Esta visión cortoplacista y autocomplaciente quedó en evidencia con las eufóricas declaraciones de Espinosa de los Monteros (señalando, con treinta mil muertos sobre la mesa, que no vivía una alegría semejante desde que ganamos el Mundial de fútbol), y ha tenido como efecto colateral el inmediato debilitamiento de la contestación antigubernamental. En efecto, el descaro con el que Vox ha liderado este movimiento ha generalizado la impresión, explícita o subconsciente, de que cualquier opositor a la gestión monclovita es un radical conservador. No es así, sin duda, pero la estrategia de Vox ha terminado significando un sorprendente espaldarazo al ejecutivo, que ha visto con desconcierto cómo ha sido la propia oposición quien ha logrado marcar el estigma ultraderechista a todo aquel que critique su forma de afrontar la crisis sanitaria y económica. Santiago Abascal ha trabajado para Pedro Sánchez de forma tan gratuita como paradójica.

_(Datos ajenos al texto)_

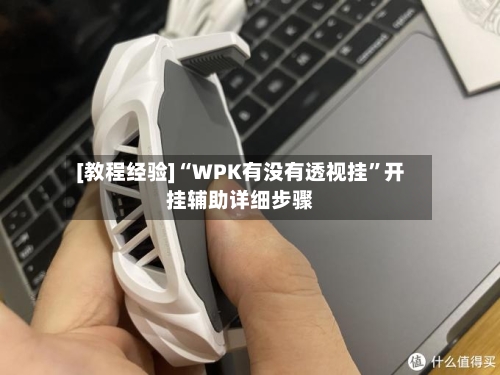[教程经验]“WPK有没有透视挂	”开挂辅助详细步骤-第3张图片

Por último, me permitirán una reflexión final sobre la inusitada ferocidad con que algunos sectores han atacado estas movilizaciones. Al margen de las concentraciones iniciales, que vulneraban de forma flagrante las medidas de distanciamiento, el resto de marchas han sido autorizadas y cumplían con todos los requisitos que delimitan el derecho de manifestación. En ese sentido, sorprende la campaña emprendida por algunos presuntos antifascistas, que han incluido insultos de grueso calibre contra los participantes, así como contramanifestaciones físicas y brutales ataques en redes sociales. O se está a favor de la libertad de pensamiento y expresión, o no se está. Por muy nauseabundas que nos puedan parecer las tesis de estos individuos, alguien que se dice demócrata debería mostrar un respeto escrupuloso hacia el derecho de cualquier colectivo a expresar públicamente sus opiniones. Es legítimo y procedente criticar sus argumentos y actitudes, incluso mostrar cierto sarcasmo ante sus ridículas escenificaciones, pero no es defendible boicotear el ejercicio de la legítima libertad de cualquier ciudadano para defender abiertamente sus ideas. Es el momento de recordar una conocida frase, habitualmente atribuida a Voltaire: “No comparto tu opinión, pero daría mi vida por defender tu derecho a expresarla". La tolerancia no se pregona, se practica, incluso con los intolerantes. Todavía tenemos mucho que aprender.